Information shown below:
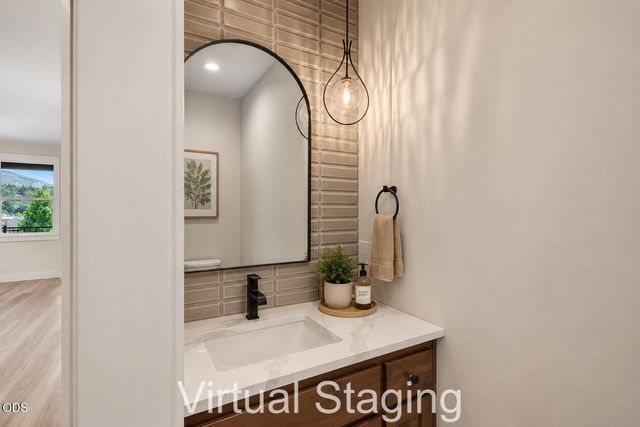 4302 Vista Pointe Drive, Medford, OR 97504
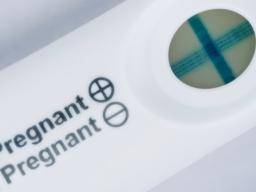 Cinco razones para las pruebas de embarazo falsas positivas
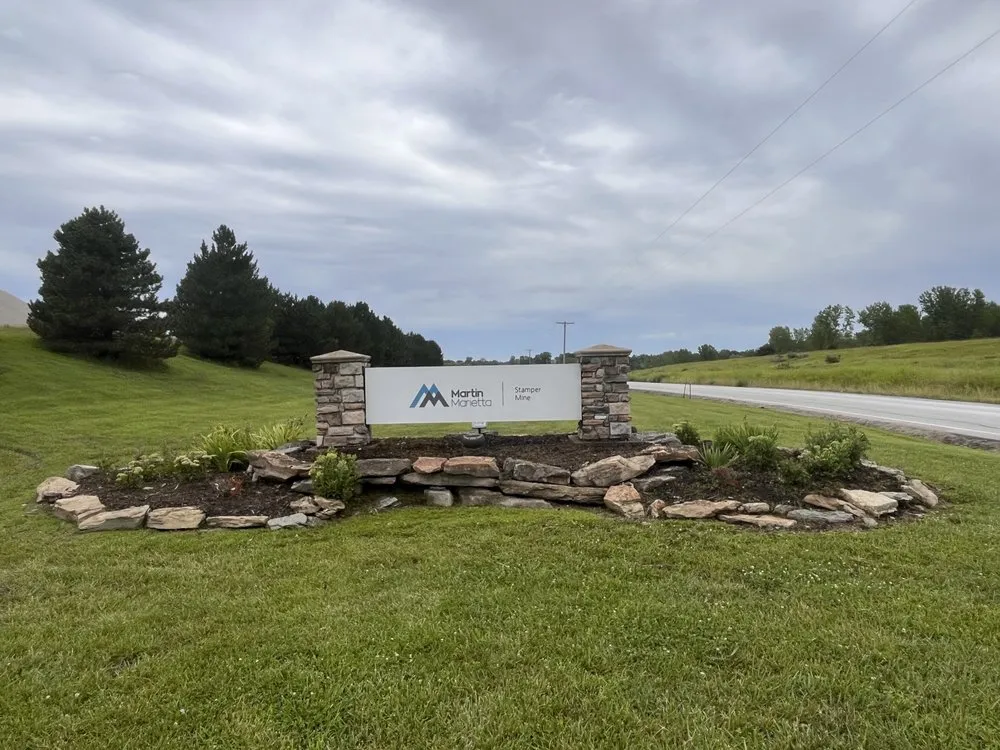 Top-rated landscaping services experts serving Platte City, MO - Greathouse Stump Removal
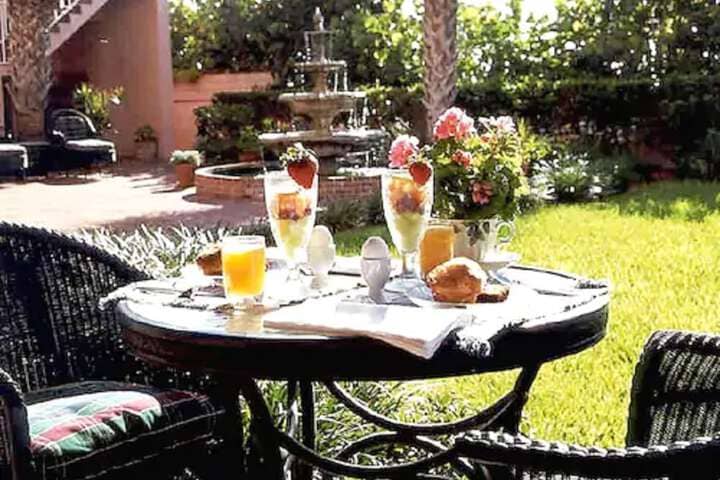 Breakfast/Coffee Service 16 of 24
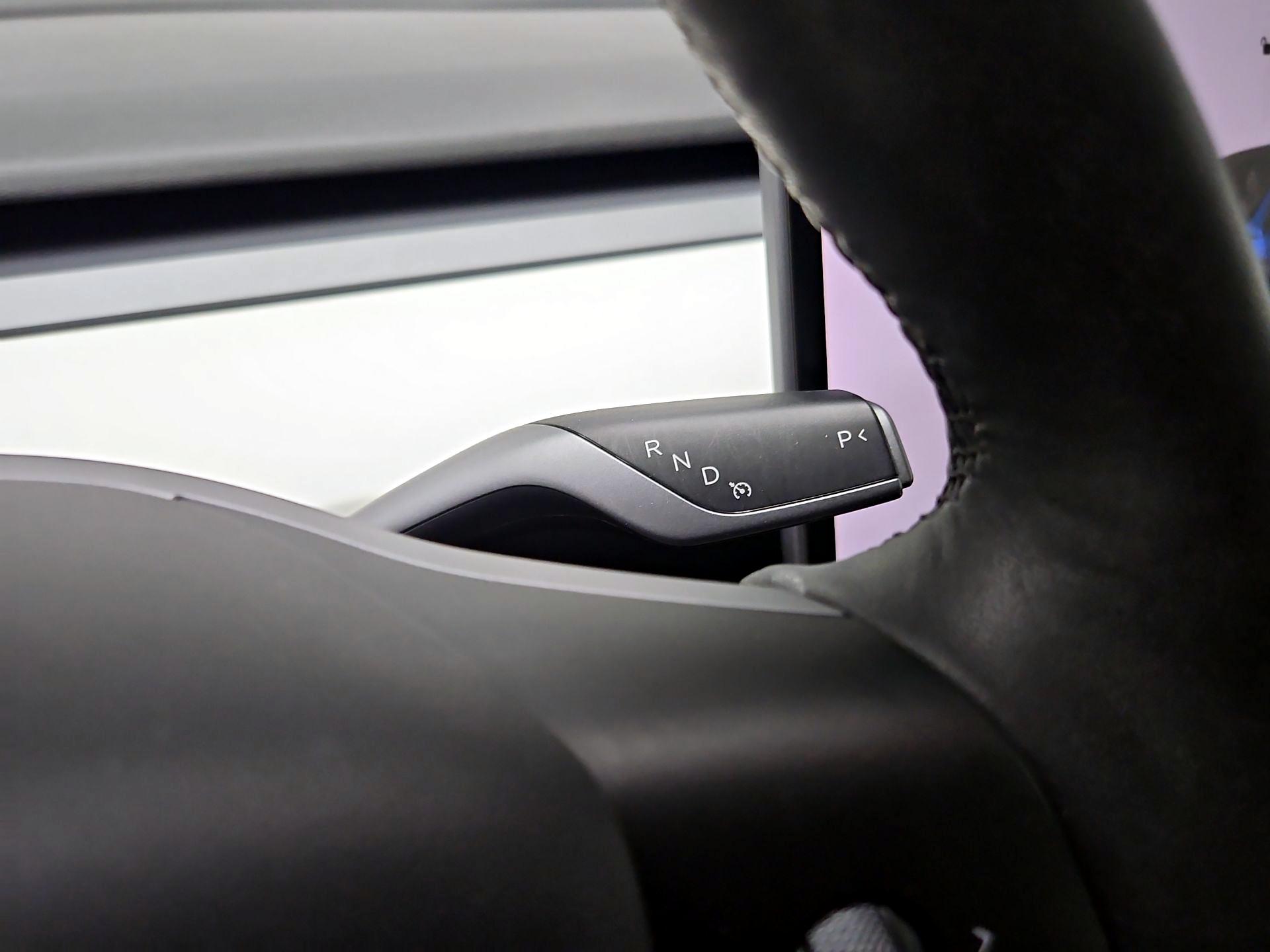 Thumbnail: 2022 Tesla Model Y - 17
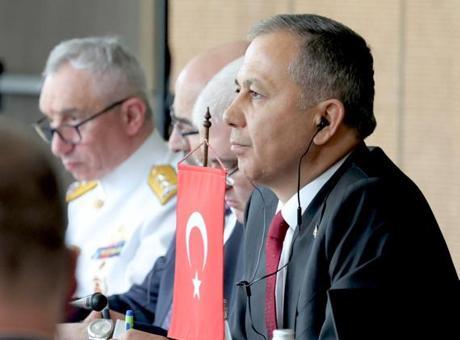 685af609e9347e6b90df3175 Bakan Yerlikaya, 'Bulgaristan, Yunanistan, Türkiye Üçlü Bakanlar Görüşmesi'ne katıldı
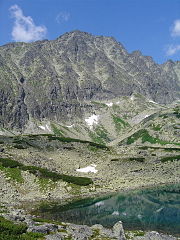 Bergwanden en puinhellingen boven het Batizovskémeer.
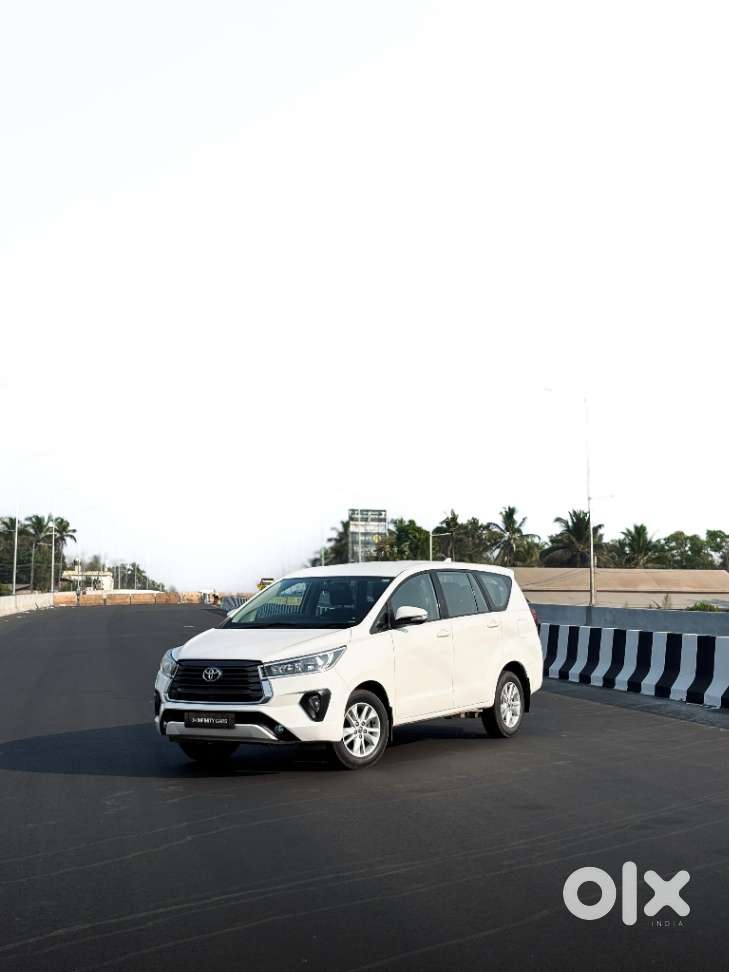 Toyota Innova Crysta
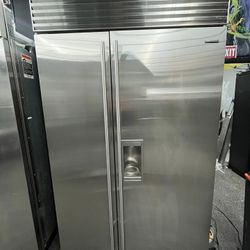 SubZero 48” Built In Stainless Steel Refrigerator Ice & Water 2022 Model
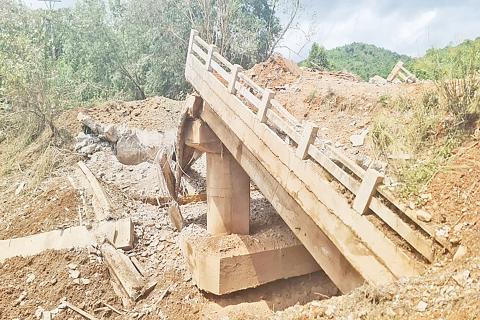 ဘီးလင်းမြို့နယ်၊ ဘီးလင်း-နတ်ကြီးသွားကားလမ်းမကြီးပေါ်ရှိ ပေ ၈၀ သံကူကွန် ကရစ်တံတား အမှတ်(၃/၁၇) အား KNLA အဖွဲ့နှင့် PDF အမည်ခံအကြမ်းဖက်သမားများ မိုင်းထောင်ဖောက်ခွဲဖျက်ဆီး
End of Information shown.
What needs to be done = Your copy should hold each line above exactly and no pictures at all.

Exercise response =
 4302 Vista Pointe Drive, Medford, OR 97504
 Cinco razones para las pruebas de embarazo falsas positivas
 Top-rated landscaping services experts serving Platte City, MO - Greathouse Stump Removal
 Breakfast/Coffee Service 16 of 24
 Thumbnail: 2022 Tesla Model Y - 17
 685af609e9347e6b90df3175 Bakan Yerlikaya, 'Bulgaristan, Yunanistan, Türkiye Üçlü Bakanlar Görüşmesi'ne katıldı
 Bergwanden en puinhellingen boven het Batizovskémeer.
 Toyota Innova Crysta
 SubZero 48” Built In Stainless Steel Refrigerator Ice & Water 2022 Model
 ဘီးလင်းမြို့နယ်၊ ဘီးလင်း-နတ်ကြီးသွားကားလမ်းမကြီးပေါ်ရှိ ပေ ၈၀ သံကူကွန် ကရစ်တံတား အမှတ်(၃/၁၇) အား KNLA အဖွဲ့နှင့် PDF အမည်ခံအကြမ်းဖက်သမားများ မိုင်းထောင်ဖောက်ခွဲဖျက်ဆီး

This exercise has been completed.